On Mon, Mar 10, 2014 at 3:43 PM, Owen DeLong <owen@delong.com> wrote:

Can you give me an example of what would be the scenario here?  Assuming I am the upstream ISP of the "hosts I control, willing to subject them to vast quantities of traffic".  Would I announce 1.2.3.0/24 upstream, and point it to my customer's link?

I'm not assuming that the upstream ISP would be the malefactor.
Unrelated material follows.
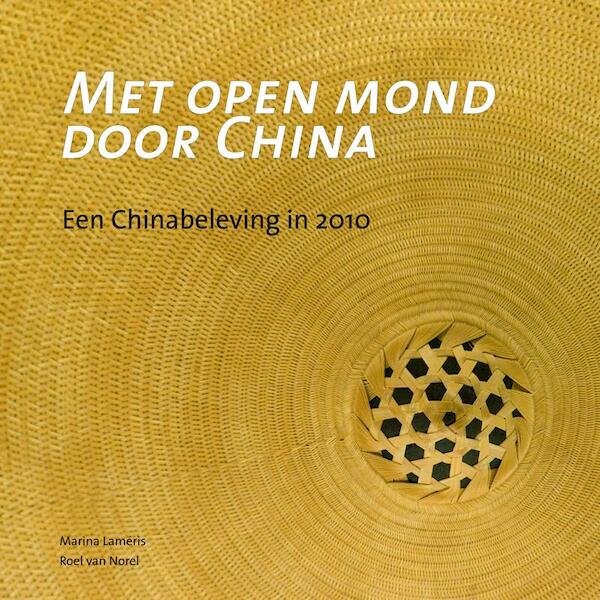 Met open mond door China - Marina Laméris (ISBN 9789080694293)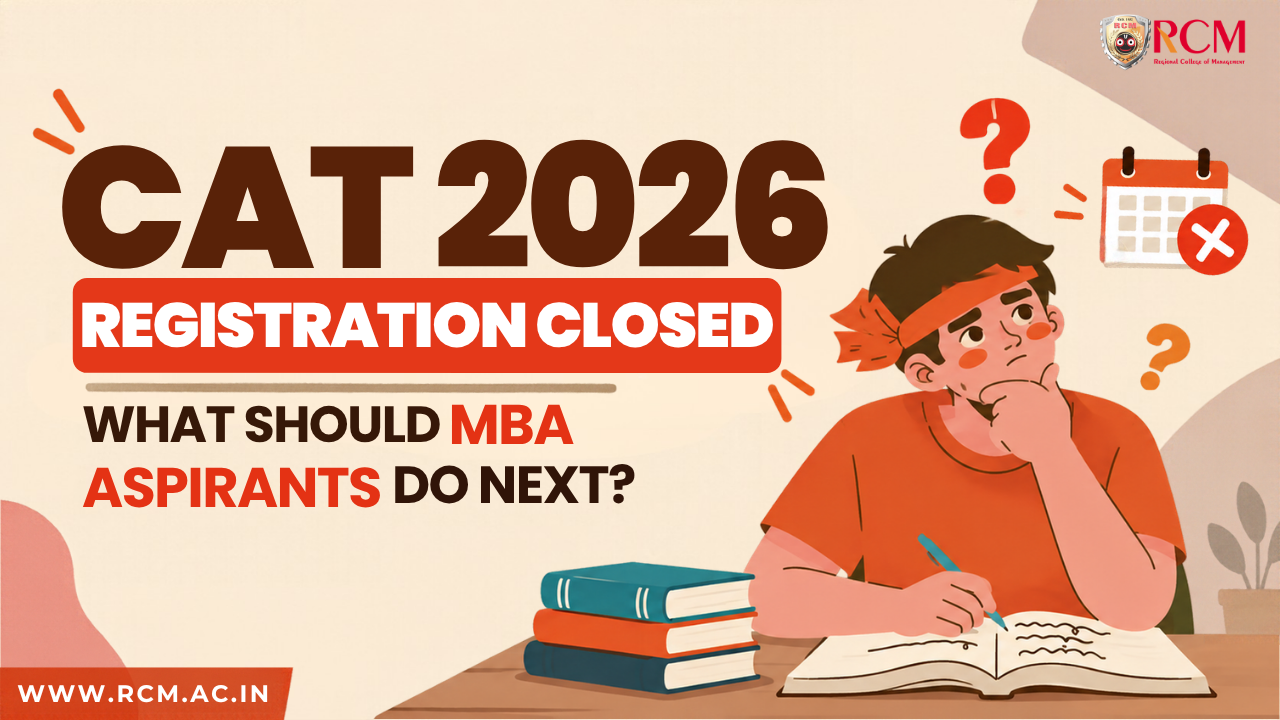 CAT 2026 registration closed, highlighting next steps for MBA aspirants, exam preparation, admit cards, results, and college selection.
That is, in fact, a rather odd assumption, is it not?

Very odd, but I was trying to think of ways to force someone to use my servers.
 
OTOH, if you are a malefactor that wants to turn your botnet into anycasted DNS servers to issue incorrect redirections to others, getting said botnet (or its upstream routers if you are able to control them somehow) to announce 1.2.3.0/24 really doesn't pose any problem to you as a result of the traffic it generates.

This is the part that I really do not understand.  Suppose I control a significant number of Windows7 PCs, and a few Cisco Routers, in your network, through a C&C botnet.  How would I get them (the PCs) to make announcements for 1.2.3.0/24?  I could install quagga (after porting it) quietly on them, but who would the Windows 7 PCs peer with?  Only the routers under my control?  In which case, what would be the point?
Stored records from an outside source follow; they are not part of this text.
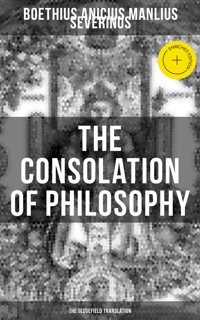 THE CONSOLATION OF PHILOSOPHY (The Sedgefield Translation) - Anicius Manlius Severinus Boethius - ebook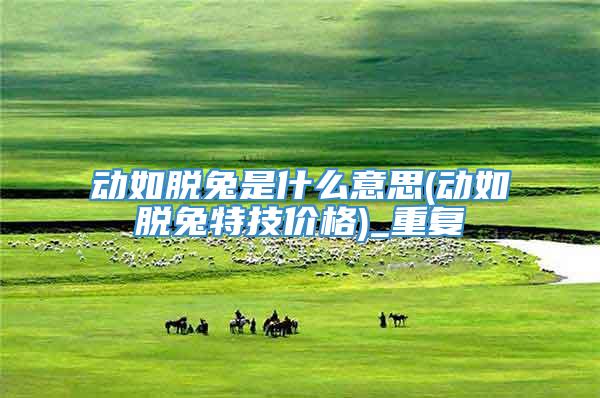动如脱兔是什么意思(动如脱兔特技价格)_重复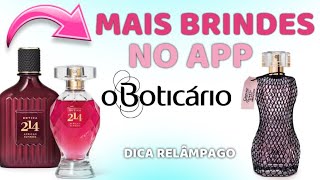 🤩 MAIS BRINDES NO APP DO BOTICÁRIO dica relâmpago [upl. by Amrac]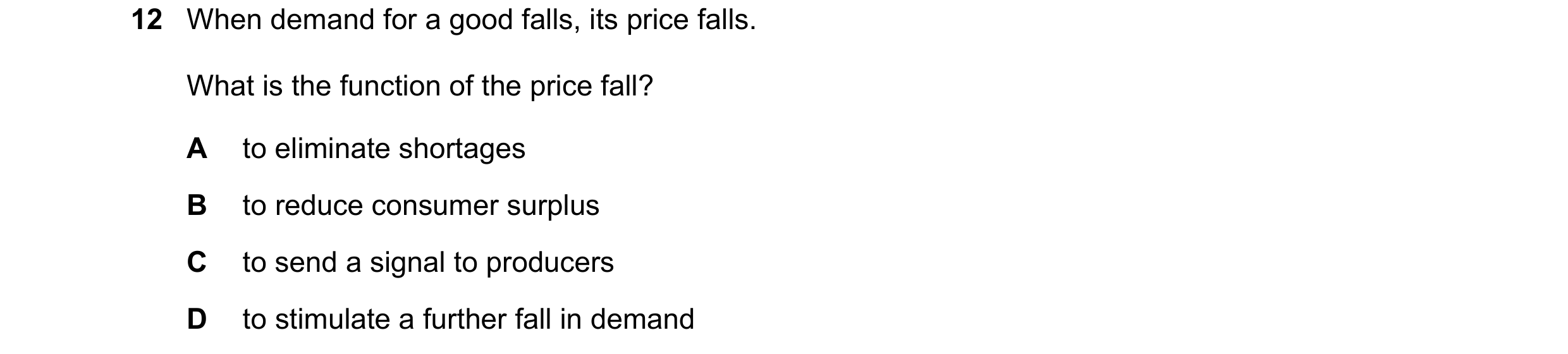 Question 256: When demand for a good falls, its price falls. What is the function of the price fall? A to eliminate shortages B to reduce consumer surplu…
I could get the Ciscos to startup BGP, and start announcing 1.2.3.0/24 , but to whom?  Again, I can only peer if I control both sides of the link, and if I control both sides, why do anycast anywhay?  I have control on the RIB.

If I controlled the Routers at the edge of your network, I could redirect traffic from your nodes to any address I wished.  This requires no new DNS, or 1.2.3.0/24 routing.

There is one other case I can think of.  Start DNS servers on the zombie PCs, assign them 1.2.3.4, and use them as a DNS server farm.  But who would come to them?  If this was a home network (or any kind of leaf network), assigning 8.8.8.8 to my interface does not make you next to me send your DNS query to me. 
 

Or would I announce 1.2.3.0/24 from another ISP's origin AS?  

Not sure how that would work or help other than in an attempt to cover your tracks.

Thank you, so we can close that scenario I postulated as invalid.
 
How would (evil me) be able to hurt hosts other than on _my_ network?

You are assuming that you are doing this with routers you own (in the commercial sense of the word). I am assuming someone doing this with routers that they control (in the enable access sense of the word) but do not own (in the commercial sense of the word).

Malefactors these days are rather well known for using other people's equipment to carry out their misdeeds, or are you unfamiliar with the term "botnet"?

I am aware of the concept, and some implementations.  And I appreciate your distinction between the the "own" and "control" part, it helps bisect the problem.

Suppose I subvert a router in your network (might be your edge router, might be an internal).  Now what?  Where does 1.2.3.0/24 come into the picture?
 
I am not doubting that people would not want to misuse this, but how would this work in the case you have outlined?

I hope I have adequately clarified.

I can understand if I am being too slow in picking up something obvious.  I am still nt seeing a _new_ attack vector _due_ to 1.2.3.0/24 being allowed to be used internally (and even leaking externally).